How long before we have 3D printed organs used in medicine like 3D printed liver or 3D printed kidney or heart.
Is this some thing that is 10 years away or some thing more like 20 years away?
What problems have they had with 3D printed organs that this may take 10 to 15 years before we have this or more?
I read about using pigs organs and transplanting those organs to humans seem easier than 3D printed organs. But even with that they had setbacks.
Other thing is using stem cells and transplanting those stem cells or putting those stem cells on bad organ.
But for what ever reason there is very little talk about this and 3D printed organs seem easier.
It depends on what organ you’re talking about, and also what you mean by 3D printing. Livers, for instance, are easy. If you have some liver cells, and encourage them to reproduce into more liver cells, and end up with a big clump of liver cells all growing together, well, that’s a liver. Most organs, though, need structure. And while 3D printing can help with some aspects of that structure, it can’t do everything. As I understand it, the technique that’s mostly being studied is to print a framework out of some material that’ll gradually degrade in the body, and use that framework to get cells into the right rough shape, but in many organs there are details you can’t get that way: The structures are too fine to be printed, or they depend on different sorts of cells being in different places, or they depend on the cells being not just in the right places but also the right orientation, and so on.
By combining 3D printing with the methods biology naturally uses to create these structures, you might be able to make a usable organ. Maybe. Or maybe we can’t get the biological processes to work outside of an embryo at all, or maybe in the process of getting those biological processes to work, it turns out that the 3D printing part is completely unnecessary and we can do it all biologically.
The notion that we can “3D print” a working mammalian organ has so many issues that it is difficult to know where to start. For one, organs are made of different tissues comprised of many types of cells, and individual cells are not something that can just be ‘printed’ from a filament or reservoir; they require external inputs (nutrients, oxygen, et cetera) to subsist, and a conditioned environment to even be functional.
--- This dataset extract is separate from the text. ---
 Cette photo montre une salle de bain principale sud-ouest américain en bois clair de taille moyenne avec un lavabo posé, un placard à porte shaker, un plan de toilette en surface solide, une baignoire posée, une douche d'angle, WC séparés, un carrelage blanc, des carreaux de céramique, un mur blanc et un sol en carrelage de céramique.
Another is that organs are made from many types of cells that differentiate as the organ develops, and that process of development is crucial to getting a functional organ instead of a mess of non-working protoplasm. Organs themselves require a blood supply and conditioning to survive more than a few hours outside of the body before becoming non-functional, so unless you could ‘print’ an organ within some kind of supportive environment, you’d just have a mass of inanimate dead tissue in an organ-like structure.
We can grow a 3D substrate upon which less complex tissues can be grow in an agar or in vivo within a living organism. This is done today with dermis (the innter ‘living’ layer of skin) and vascular tissues (blood vessels), and there is active research in building replacement bone and connective tissue for surgical reconstruction. More complex organs involved in circulatory, digestive, or nervous system functions, however, are too complex and have support requirements that essentially mandate being grown inside of a living mammal. To that end, genetic modification of mammals (typically pigs or cows) to produce human-compatible functioning organs is in progress, and while it has not yet achieved a level of compatibility for long term organ replacement, it is only a matter of development (particularly with immunological compatibility) before this is routinely available.
No, the problem is that organs are not just machines constructed out of organic Lego blocks; they are integrated systems of living tissues made of a diverse array of cells that are in different states of development, all of which need to be sustained with nutrients and oxygen. You can’t just construct an tissues out of non-living matter, or squeeze disconnected ‘live’ cells into an organ-shaped bolus and expect them to coalesce into a functional organ. At best, you could deposit pluripotent stem cells onto a consumable substrate in an oxygenated nutrient bath and ‘grow’ the organ into a mature, transplantable state.
I hear organs are very complex it like a mini city but using that analogy of mini city if a 3D printer prints the pavement but no streets, no office buildings, no government buildings but only prints the homes and pavement than the printer is very crude.
So does this mean we need more advance printers to print the other stuff as not every thing is being printed and than you say connecting is problem do we need nanotechnology to help in that area?
Is it like a mini city but only 10% of the mini city is printed and most of it is not connected?
I don’t know much about nanotechnology but popular science is going crazy with it as this is emerging technology. But I still thing it be very long time before we have small tiny robots in the human body.
As most off the research is still very crude. So I don’t know how nanotechnology can help in this area.